Timing. Apple surely hasn’t forgotten that its move to the Intel platform was hampered by Adobe’s long-delayed port of Photoshop and the rest of the Creative Suite. Apple’s move to Leopard is unlikely to fare much better. Leopard represents a new opportunity for Apple to out-innovate and out-deliver its competitors, but Adobe won’t be able to keep pace.

Meanwhile, Adobe has been pushing the Photoshop brand while slowing technical innovation, which it has been able to afford this because Photoshop hasn’t had a credible competitor.

Photoshop is a great product. It needs a great competitor.

And who better than Apple, with a new OS, powerful core libraries, and seasoned expertise at building large professional applications?

8 Responses to “Where’s Apple’s killer image app?”

  1. Tom Barta

    I agree 100%; I’ve been making this argument for years. It always irritated me 1) how much effect Adobe’s lackadaisical efforts had on Apple 2) How much they kow-tow to the Windows crowd, who shouldn’t be trying to do serious image work in Windows to begin with.

    Apple should write a Reader/Distiller killer, too. Preview is already better than half-way there.

  2. Leo

    Yet ANOTHER photo application. That’s original.

    Oh, I have another, what about another text editor? You know, we don’t have enough of those either.

  3. Jake A. Smith

    Leo, who said anything about a photo app? Sure, photoshop is great for photos, but it’s used for so much more!

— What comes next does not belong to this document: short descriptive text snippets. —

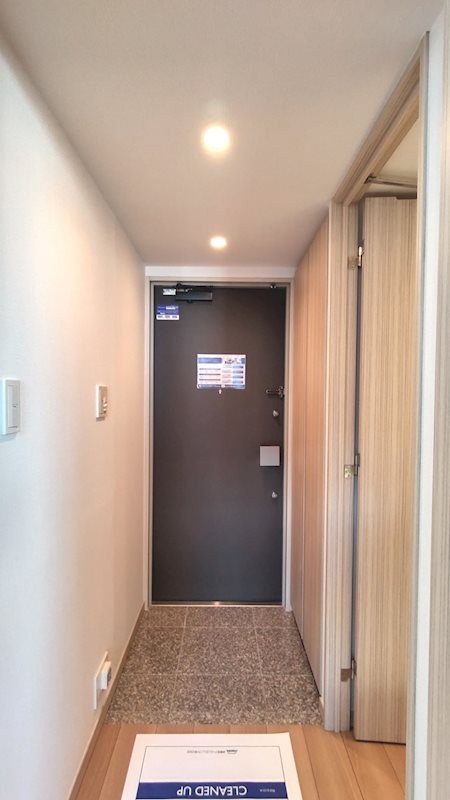 レジディア日本橋馬喰町Ⅲ 玄関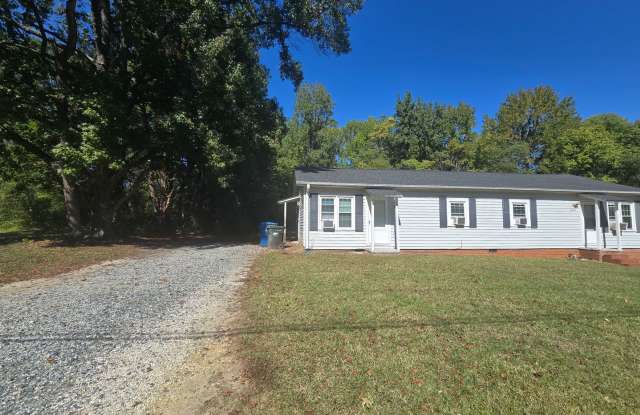 406 Lake Dr Gallery 1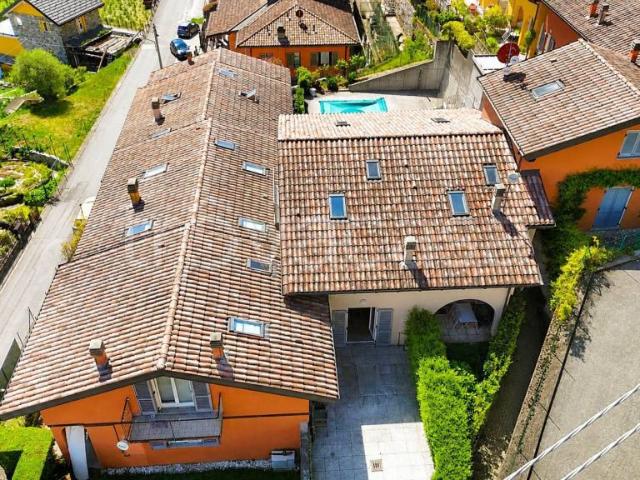 Villa Schiera in vendita a Pianello Del Lario, Lombardia
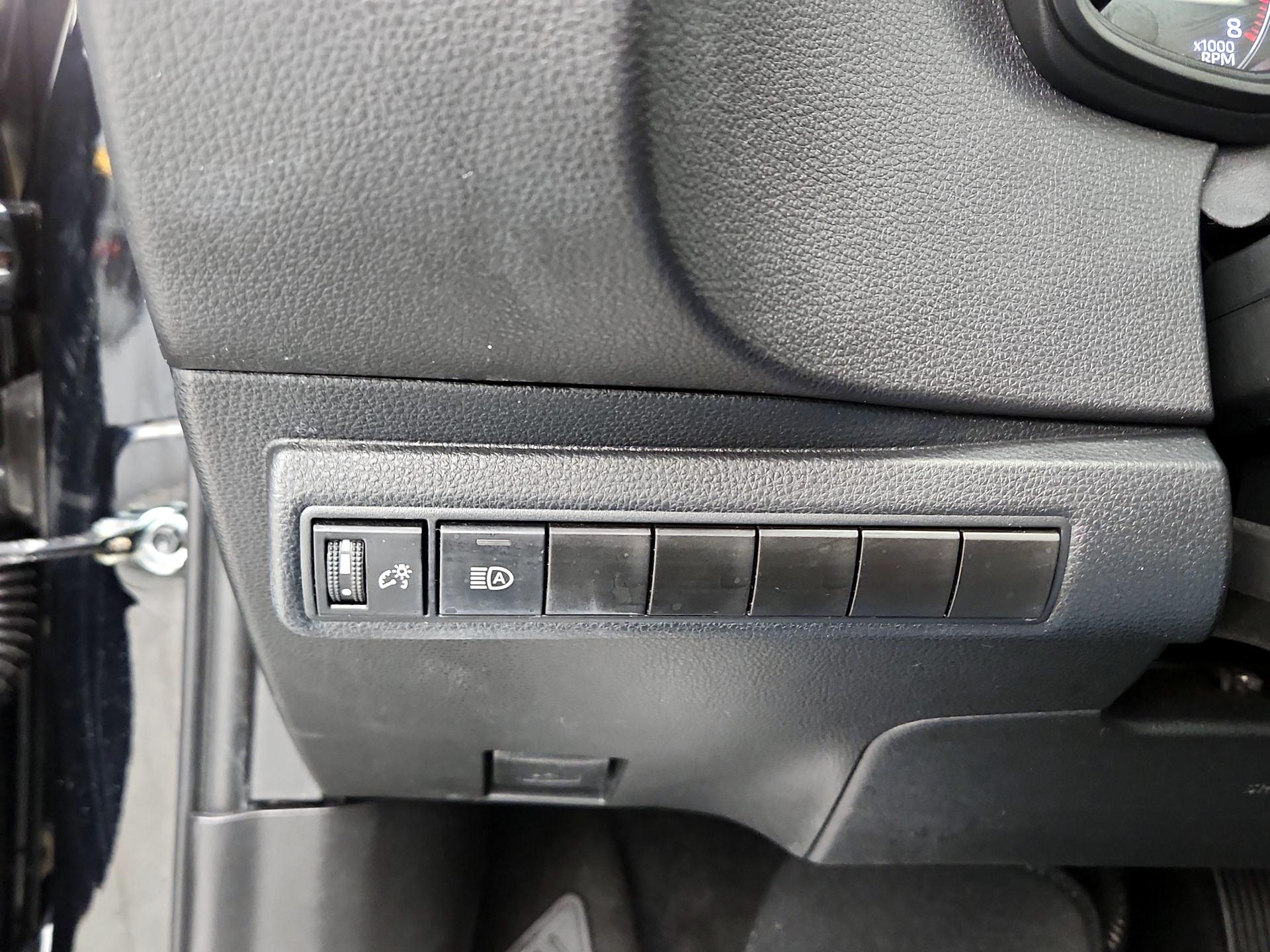 Thumbnail: 2024 Toyota Corolla - 13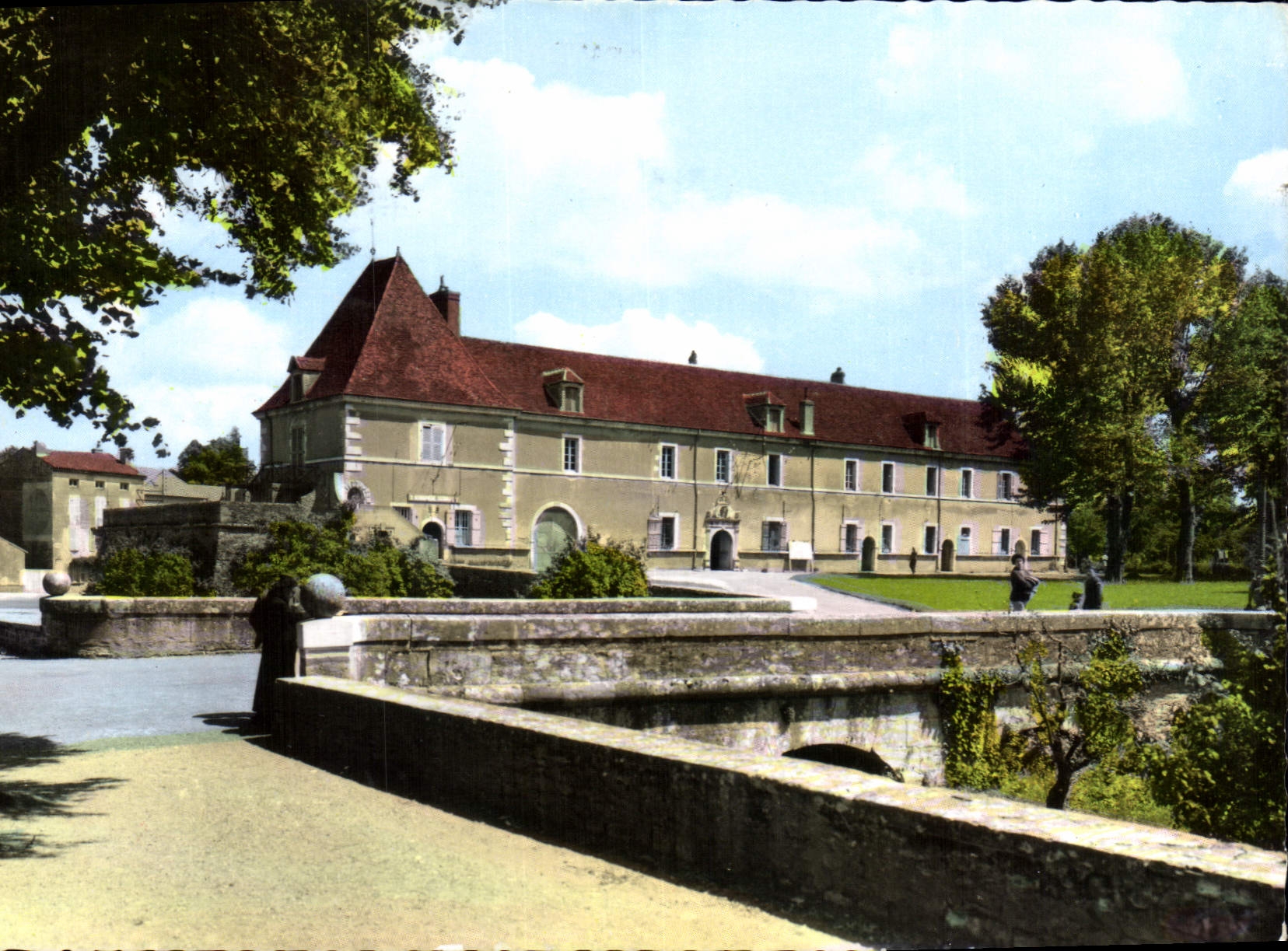 CPSM Sennecy le Grand Les Remparts du Bastion 
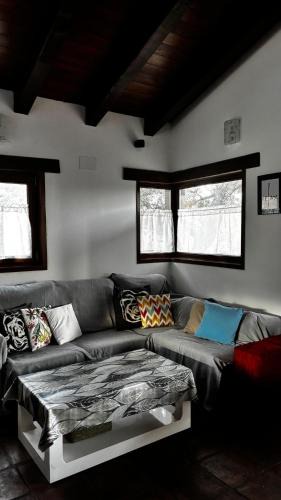 Los Angeles de San Rafael House | VUT Carrascosos, oasis familiar by Cabana Rentals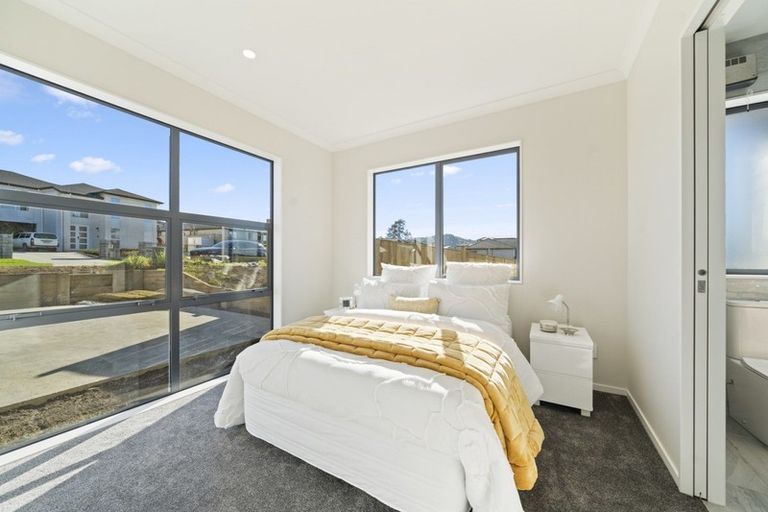 Photo of property in 12 Thomason Crescent, Pokeno, 2402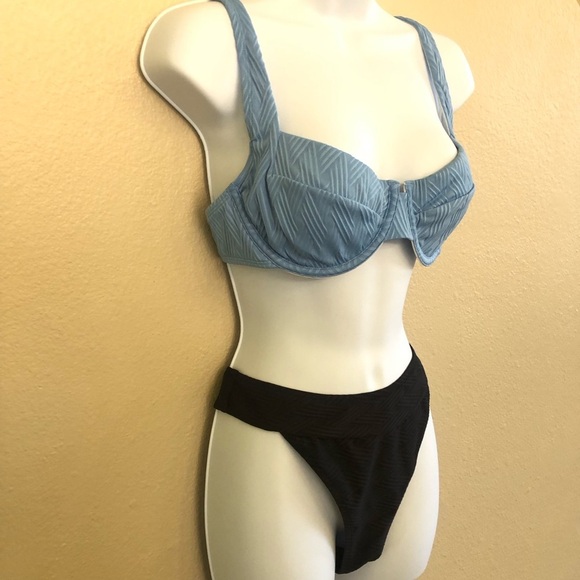 Cups-he Texturized Underwire Light Blue Black High Cut Bikini Set Swimwear SZ M - Picture 2 of 11
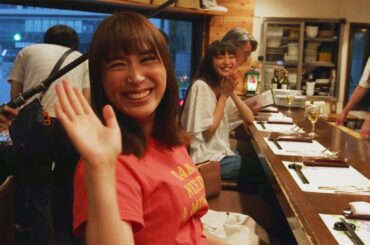 広瀬アリス、勢い余って扉に激突＆まさかのライス大盛に赤面！　ハプニング収めた「失恋めし」メーキング映像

I think Apple could pull off an amazing imaging app, but i think such an app is at least a year or two off.

  4. Sebhelyesfarku

    Btw, Apple bought its “killer” apps, like iTunes, Coverflow, Logic, Motion, Final Cut etc.

  5. James Katt

    Apple can easily buy Adobe.
    Apple can then ditch the Windows versions and keep the Mac versions.
    Then Photoshop will update much more quickly with a Mac centric version.

  6. PECourtejoie

    Photoshop engineers first jumped to OS X, had to recode everything, used to code in codewarrior, rewrite everything to work with Xcode, that was not very mature at the time, and now will need to recode everything in Cocoa… If that is not commitment to a platform, I wonder what would it be.

    James, it seems that you do not use Aperture, nor a camera that can produce raw files… Compare that to the Lightroom/Camera Raw updates.

  7. KIMP

    Great site! Just discovered it…

    For years I’ve been saying this to fellow worker. I’ve been working in the graphic design industry since 1996. Seriously, with the technology and especially the way Adobe “behave” with their Apple products… Apple should simply do it.

    Yeah Apple did buy almost ALL of their killer apps; iTunes, Coverflow, Logic, Motion, Final Cut etc. But buying Adobe is another thing. Apple has $15.4 billion in cash the company has accumulated—$5 billion in the past year (according to Fortune). Abode is worth $25 billion so…

    But as the past as shown, Apple would probably buy a smaller software/company that has a bright future.

    One image processing software that really impressed is Pixelmator. Its still in its infancy but its use of the Core features of the Mac OSX is very surprising. Sure it needs to mature a lot and add some very important and professional features, but thats actually something the Apple guys could deliver!

  8. Egill

    Totally agree!

    But just wondering, from whom did Apple buy their cool apps, like Sebhelyesfarku and KIMP said?